# western ultramount on 2000 GMC NBS headlight question



## obrut (Oct 30, 2002)

I just recently installed a 05 western ultramount with the 4 port isolation module on my 2000 NBS GMC truck. I have a question about how the head lights and plow lights are supposed to work.

When the plow is not connected my head lights and bright lights work fine and the sensor automatically turns the head lights on when it gets dark.

If I connect the plow when the head lights are automatically on the plow lights are off until I flip the bright light switch in the truck. Is this right?

If I connect the plow when just the DRLs are on the plow lights are on but are very dim. 

I'm not sure if this is right can some when tell me how they are supposed to operate?


----------



## obrut (Oct 30, 2002)

BTW this came off of a 05 chevy, is there a difference in the harness?


----------



## obrut (Oct 30, 2002)

I just did the quick match on westerns website and it shows that there are two different part numbers for the headlamp harness. 27780 which is what came with the plow and 8437-1 which is what I need for my truck year. Which harness is this, is it the one that plugs into port #2 or is it #3 and #4? What is the difference with these harnesses?


----------



## B&B (Nov 4, 2006)

Yes, the light harness will be different between an '05 and your 2000 due to the lighting configuration change on the '03-up GM trucks. Your 2000 uses a negative to excite head light system and the '03-up's use the conventional positive to excite system, just like all the GM's did '98 and prior.. your light harness's plug into the number 3 and 4 ports on the iso module..


----------



## dlcs (Sep 2, 2004)

My '99 Silverado and my 2002 Silverado both used the harness with the relays and not the isolation module. Your headlights on your plow should operate just like the headlights on the truck. All you have to do is connect the plug to switch to the plow lights.


----------



## B&B (Nov 4, 2006)

dlcs;426103 said:


> My '99 Silverado and my 2002 Silverado both used the harness with the relays and not the isolation module. Your headlights on your plow should operate just like the headlights on the truck. All you have to do is connect the plug to switch to the plow lights.


 On a relay setup yes. But it's not that simple with a 4 port Iso setup.. the plow lights are positive to excite and the truck lights are negative to excite as one is '02 and older (neg to excite), and the setup came off an '03 and newer (pos to excite)


----------



## obrut (Oct 30, 2002)

yep there is a difference, however the isolation module is the same which tells me the wiring or pin out for the connectors is different. This shouldn't be too hard to change, I just need to know what the inputs and outputs for port 3 and 4 are and then switch my pins in my connectors. This can also be done by making an adapter to cross the wires over before going into the module but moving the pins around will have the same results.


----------



## B&B (Nov 4, 2006)

obrut;426201 said:


> yep there is a difference, however the isolation module is the same which tells me the wiring or pin out for the connectors is different. This shouldn't be too hard to change, I just need to know what the inputs and outputs for port 3 and 4 are and then switch my pins in my connectors. This can also be done by making an adapter to cross the wires over before going into the module but moving the pins around will have the same results.

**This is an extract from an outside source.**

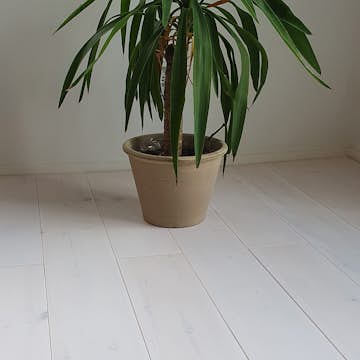 Massivt Trägolv Eden Wood Classic Vit, Mattlackat 1-Stav Norrlandsfuru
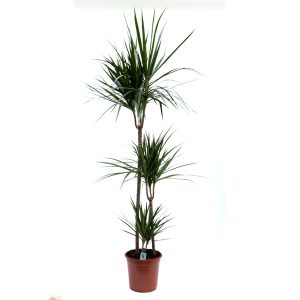 Dracaena marginata 3 tulpini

 True that the iso is the same and you can move pins around..it's just that most guys either don't have the knowledge to do the pin move or aren't comfortable with doing it themselves and would much rather have it "plug and play" so to speak..


----------



## obrut (Oct 30, 2002)

I agree most would rather just have plug and play. I'm comfortable with moving pins around, but I also have experience making harnesses and reading schematics.


----------



## B&B (Nov 4, 2006)

Do you want the pin out diagram for the Iso module obrut? If so, shoot me a pm with your email address and I'll get it to you...


----------



## santelikk (Sep 27, 2007)

I have the same situation, I have a new style harness, for my 2002 chevy. I was told that if I switch the wires on the just the female plugs that this solves the problem. I have not yet had time to test this. Would you be a willing guinea pig?


----------



## obrut (Oct 30, 2002)

I found the pin outs for the harnesses on westerns web site, looks like it is an easy fix. I will try it and let you know.


----------



## obrut (Oct 30, 2002)

Ok here is what I did. 
The connectors going to port 3 and 4 on the isolation module need to have two wire changed around. They are the light blue and the blue wires. On the 27780 harness for the 03 to 07 years J is blue and K is light blue these need to be swapped. The 8437 harness needs J to be light blue and K to be blue.

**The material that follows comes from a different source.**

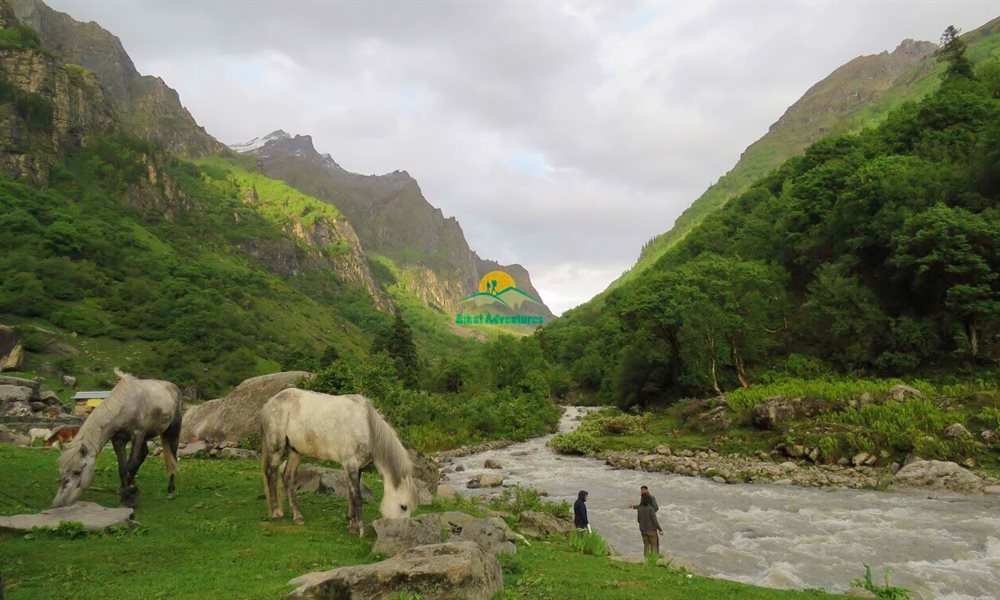 Deo Tibba Base Camp: A Healing Trek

On the other side of the harness where it connects to the head lights the female plug going in between the vehicle harness and the head light needs to be swapped from A yellow B blue to A blue and B yellow. Then the male plug that connects to the head lights needs to be changed from A orange B blue to A blue and B orange. This needs to be done on both sides. Now I didn't touch the bright lights even thought the schematics show those wire reversed as well. I didn't switch the bright lights because the bright lights worked. 

Now when I connect the plow all the lights work like they should. The only thing I noticed is that the low beam plow lights seem dim. I'm going to reconnect the plow later and check the low beam power with my meter to see if I'm getting the 12V I should be getting.

The only thing I wonder about is the high beam wiring, I didn't switch it and it works great.


----------



## obrut (Oct 30, 2002)

Ok I just came in from checking and I do have 12.85V at the plow light connector with the low beam light on. I guess there just the old style lights, it just seems to be a lot more dim than my truck low beam light.


----------



## snowpoe (Nov 23, 2005)

Obrut What is a NBS GMC 2000 What does NBS stand for?

The reason I ask is that I have a 01 1500 silverado & I have Western ultra mount wire harness off a 06 1500 silverado

Will the wire harness changes you reccomended work for what I need to do. Get the 06 harness to work on my 01  Im guessing it will work & seems to be an easy fix payup But want to be sure 

Or if I can should I just trade harnesses & get what is made for my truck

I am fine with changing the wires around , but just want to be sure Im not going to fry something as the harness I have is like new & I would like to keep it


----------



## obrut (Oct 30, 2002)

NBS = new body style

Back in 2000 you could get the old body style (OBS) that was the 1988-2000 looking style as well as the 2000-2007 new body style (NBS). Just like the 2007 you could get both styles.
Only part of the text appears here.